Kejadian keempat adalah ketika semua orang ingin menunggu lampion, jumlah pengunjung tiba-tiba membludak menjadi 5 kali lipat dari tahun lalu, hanya untuk melihat lampion yang mereka lihat melalui film Arisan 2 (damn you! Whoever makes that movie!). Pada saat semua orang termasuk aku menunggu lampion, ada beberapa orang dengan brewok jaman sekarang berbincang-bincang mengenai candi borobudur, temannya berkata “hebat banget ya orang Indonesia jaman dulu bisa buat Borobudur, gimana caranya ya?” temannya yang lain yang kapasitas otaknya sama menjawab “ya pake putih telur gitu” (he’s right) lalu temannya itu bertanya lagi “putih telur doang?” dijawab “iya, Cuma putih telur doang” (fucking! smart my ass) ditanya lagi “terus batu-batunya gimana ngangkatnya? Kan gede tuh” dijawab “ya katanya pake jin-jin gitu” (benar-benar penggemar trans 7 yang satu ini) ditanya lagi (lagi! Omfg!) “emang kapan dibuat ya?” dijawab lagi dan lagi “katanya sih jaman dinasti ming waktu yang merintah sultan mataram” (well fuck me right in the ass! How on earth?!). Lalu mereka diam beberapa saat lalu pertanyaan lain muncul lagi (here we go) “tuh lampu yang di stupa atas itu darimana yak?” dijawab dengan “cerdasnya” “kan dibawah stupanya ada dibuat lampu gitu” (God, please kill me right in the fucking head) Sudah jelas ada lampu yang disorot melalui lampu sorot yang terlihat jelas jejaknya!.
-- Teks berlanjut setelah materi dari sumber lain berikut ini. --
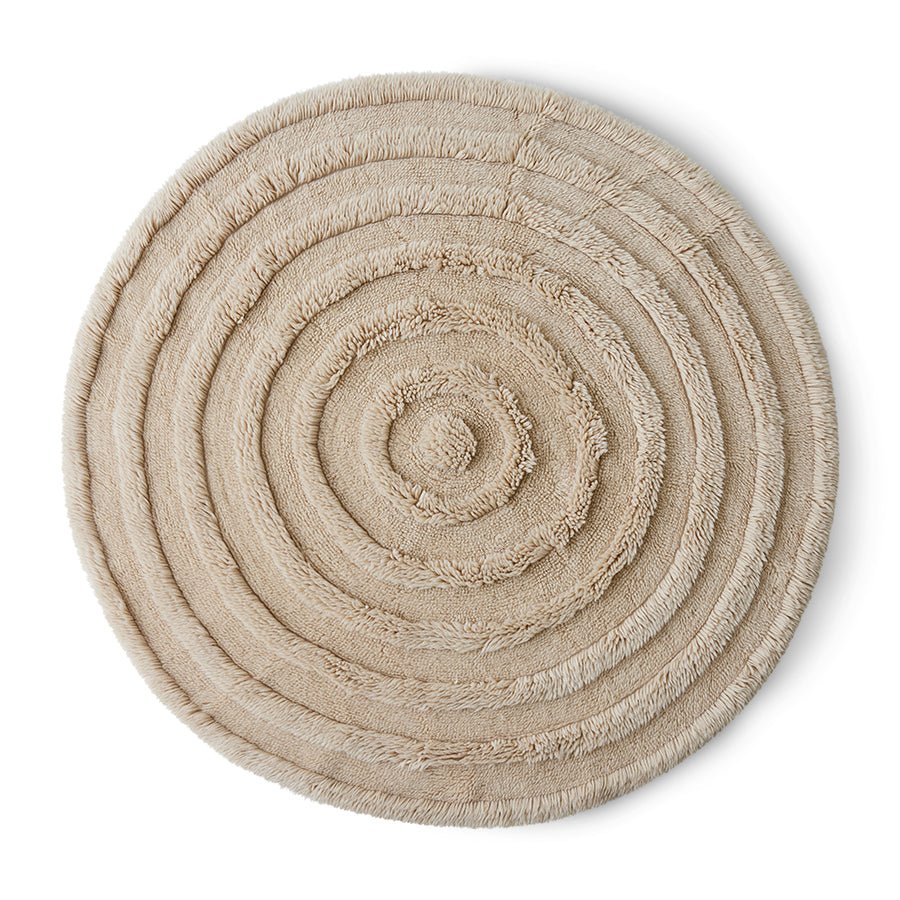 Round woolen rug - cream - Urban Nest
Kejadian kelima adalah ketika sedang menunggu ada dua orang cewek dengan hot pant berwarna krem dan tanktop hitam (damn you’re sexy girl) saling berbincang mengenai lampion, lalu pertanyaan muncul dari salah satu temannya “tuh lampionnya, naiknya gimana ya?” temannya dengan lugas dan merasa pintar menjawab “ya elah lu masak gak tau sih, kan pake api nyalainnya, pake roket kecil kaya mercon gitu", terdiam aku sejenak mencerna segala kebodohan yang tersaji pada hari itu, bagaimana mungkin orang-orang ini bisa hidup! Dan bersikap arogan dengan kebodohannya dengan tidak menghormati ritual-ritual pada hari itu! Ah sudahlah aku tidak bisa berkata lagi dalam pikiran sekalipun tidak, karena orang-orang yang seperti inilah yang diinginkan penguasa, orang-orang yang tidak peka dan tidak cerdas dan kritis, orang yang selalu segala sesuatunya baik-baik saja, the crowded mass. Mungkin catatan ini hanya catatan kejengkelan yang ditulis dengan tata penulisan yang tidak baik bagi yang merasa tersinggung, maafkan saya karena tata cara penulisannya dan go fuck yourself!